(SUPPLIED MATERIAL Opens)

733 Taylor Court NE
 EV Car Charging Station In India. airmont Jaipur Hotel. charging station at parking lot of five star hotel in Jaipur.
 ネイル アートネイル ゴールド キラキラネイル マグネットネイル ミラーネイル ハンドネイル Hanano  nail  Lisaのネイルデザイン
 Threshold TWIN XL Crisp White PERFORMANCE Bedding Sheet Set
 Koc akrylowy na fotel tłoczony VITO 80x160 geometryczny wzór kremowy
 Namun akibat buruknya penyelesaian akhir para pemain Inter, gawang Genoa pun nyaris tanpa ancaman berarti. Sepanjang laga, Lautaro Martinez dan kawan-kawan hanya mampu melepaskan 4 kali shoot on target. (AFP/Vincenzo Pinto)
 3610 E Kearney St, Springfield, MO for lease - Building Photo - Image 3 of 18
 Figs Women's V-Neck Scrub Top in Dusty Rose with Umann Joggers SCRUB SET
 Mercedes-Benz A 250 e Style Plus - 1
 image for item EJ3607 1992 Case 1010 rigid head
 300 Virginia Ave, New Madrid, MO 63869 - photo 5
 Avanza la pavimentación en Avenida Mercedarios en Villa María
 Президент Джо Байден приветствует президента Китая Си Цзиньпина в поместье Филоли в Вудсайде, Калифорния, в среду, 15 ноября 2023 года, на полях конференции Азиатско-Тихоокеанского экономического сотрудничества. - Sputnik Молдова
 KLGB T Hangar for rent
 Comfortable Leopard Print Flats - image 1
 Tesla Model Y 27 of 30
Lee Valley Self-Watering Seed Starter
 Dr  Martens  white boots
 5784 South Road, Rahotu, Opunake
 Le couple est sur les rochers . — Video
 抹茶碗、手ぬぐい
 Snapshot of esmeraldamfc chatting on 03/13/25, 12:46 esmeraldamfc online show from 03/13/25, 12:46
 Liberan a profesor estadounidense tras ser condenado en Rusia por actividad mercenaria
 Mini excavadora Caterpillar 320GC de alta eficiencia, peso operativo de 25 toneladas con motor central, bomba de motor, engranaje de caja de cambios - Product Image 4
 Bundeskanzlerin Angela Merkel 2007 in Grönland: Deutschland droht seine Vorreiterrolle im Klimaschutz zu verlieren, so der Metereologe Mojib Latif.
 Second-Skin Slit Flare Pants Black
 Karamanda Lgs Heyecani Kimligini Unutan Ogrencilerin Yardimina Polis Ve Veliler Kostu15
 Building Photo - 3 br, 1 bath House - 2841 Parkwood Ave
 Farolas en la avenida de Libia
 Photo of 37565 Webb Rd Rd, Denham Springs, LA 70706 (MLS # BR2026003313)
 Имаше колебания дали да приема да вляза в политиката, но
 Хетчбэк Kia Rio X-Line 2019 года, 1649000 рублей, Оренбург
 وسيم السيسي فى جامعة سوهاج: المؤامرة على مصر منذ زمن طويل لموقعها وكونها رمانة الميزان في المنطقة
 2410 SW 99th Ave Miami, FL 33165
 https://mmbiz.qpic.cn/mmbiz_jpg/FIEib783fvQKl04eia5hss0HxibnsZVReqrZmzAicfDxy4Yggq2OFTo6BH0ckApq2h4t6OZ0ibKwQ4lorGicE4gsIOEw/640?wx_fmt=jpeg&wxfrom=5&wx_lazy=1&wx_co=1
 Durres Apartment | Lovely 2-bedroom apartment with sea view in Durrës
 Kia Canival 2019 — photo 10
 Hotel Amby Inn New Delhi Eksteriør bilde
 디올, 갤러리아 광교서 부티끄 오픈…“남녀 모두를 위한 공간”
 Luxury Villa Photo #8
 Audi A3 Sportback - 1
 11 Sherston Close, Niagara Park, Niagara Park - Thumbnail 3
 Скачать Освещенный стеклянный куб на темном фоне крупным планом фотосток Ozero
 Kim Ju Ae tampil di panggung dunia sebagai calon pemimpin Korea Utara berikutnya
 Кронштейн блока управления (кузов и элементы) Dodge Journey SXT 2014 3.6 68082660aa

(SUPPLIED MATERIAL Closes)

REQUIRED ACTION
As the exercise requires, copy out the data shown above word for word.

TASK ANSWER
733 Taylor Court NE
 EV Car Charging Station In India. airmont Jaipur Hotel. charging station at parking lot of five star hotel in Jaipur.
 ネイル アートネイル ゴールド キラキラネイル マグネットネイル ミラーネイル ハンドネイル Hanano  nail  Lisaのネイルデザイン
 Threshold TWIN XL Crisp White PERFORMANCE Bedding Sheet Set
 Koc akrylowy na fotel tłoczony VITO 80x160 geometryczny wzór kremowy
 Namun akibat buruknya penyelesaian akhir para pemain Inter, gawang Genoa pun nyaris tanpa ancaman berarti. Sepanjang laga, Lautaro Martinez dan kawan-kawan hanya mampu melepaskan 4 kali shoot on target. (AFP/Vincenzo Pinto)
 3610 E Kearney St, Springfield, MO for lease - Building Photo - Image 3 of 18
 Figs Women's V-Neck Scrub Top in Dusty Rose with Umann Joggers SCRUB SET
 Mercedes-Benz A 250 e Style Plus - 1
 image for item EJ3607 1992 Case 1010 rigid head
 300 Virginia Ave, New Madrid, MO 63869 - photo 5
 Avanza la pavimentación en Avenida Mercedarios en Villa María
 Президент Джо Байден приветствует президента Китая Си Цзиньпина в поместье Филоли в Вудсайде, Калифорния, в среду, 15 ноября 2023 года, на полях конференции Азиатско-Тихоокеанского экономического сотрудничества. - Sputnik Молдова
 KLGB T Hangar for rent
 Comfortable Leopard Print Flats - image 1
 Tesla Model Y 27 of 30
Lee Valley Self-Watering Seed Starter
 Dr  Martens  white boots
 5784 South Road, Rahotu, Opunake
 Le couple est sur les rochers . — Video
 抹茶碗、手ぬぐい
 Snapshot of esmeraldamfc chatting on 03/13/25, 12:46 esmeraldamfc online show from 03/13/25, 12:46
 Liberan a profesor estadounidense tras ser condenado en Rusia por actividad mercenaria
 Mini excavadora Caterpillar 320GC de alta eficiencia, peso operativo de 25 toneladas con motor central, bomba de motor, engranaje de caja de cambios - Product Image 4
 Bundeskanzlerin Angela Merkel 2007 in Grönland: Deutschland droht seine Vorreiterrolle im Klimaschutz zu verlieren, so der Metereologe Mojib Latif.
 Second-Skin Slit Flare Pants Black
 Karamanda Lgs Heyecani Kimligini Unutan Ogrencilerin Yardimina Polis Ve Veliler Kostu15
 Building Photo - 3 br, 1 bath House - 2841 Parkwood Ave
 Farolas en la avenida de Libia
 Photo of 37565 Webb Rd Rd, Denham Springs, LA 70706 (MLS # BR2026003313)
 Имаше колебания дали да приема да вляза в политиката, но
 Хетчбэк Kia Rio X-Line 2019 года, 1649000 рублей, Оренбург
 وسيم السيسي فى جامعة سوهاج: المؤامرة على مصر منذ زمن طويل لموقعها وكونها رمانة الميزان في المنطقة
 2410 SW 99th Ave Miami, FL 33165
 https://mmbiz.qpic.cn/mmbiz_jpg/FIEib783fvQKl04eia5hss0HxibnsZVReqrZmzAicfDxy4Yggq2OFTo6BH0ckApq2h4t6OZ0ibKwQ4lorGicE4gsIOEw/640?wx_fmt=jpeg&wxfrom=5&wx_lazy=1&wx_co=1
 Durres Apartment | Lovely 2-bedroom apartment with sea view in Durrës
 Kia Canival 2019 — photo 10
 Hotel Amby Inn New Delhi Eksteriør bilde
 디올, 갤러리아 광교서 부티끄 오픈…“남녀 모두를 위한 공간”
 Luxury Villa Photo #8
 Audi A3 Sportback - 1
 11 Sherston Close, Niagara Park, Niagara Park - Thumbnail 3
 Скачать Освещенный стеклянный куб на темном фоне крупным планом фотосток Ozero
 Kim Ju Ae tampil di panggung dunia sebagai calon pemimpin Korea Utara berikutnya
 Кронштейн блока управления (кузов и элементы) Dodge Journey SXT 2014 3.6 68082660aa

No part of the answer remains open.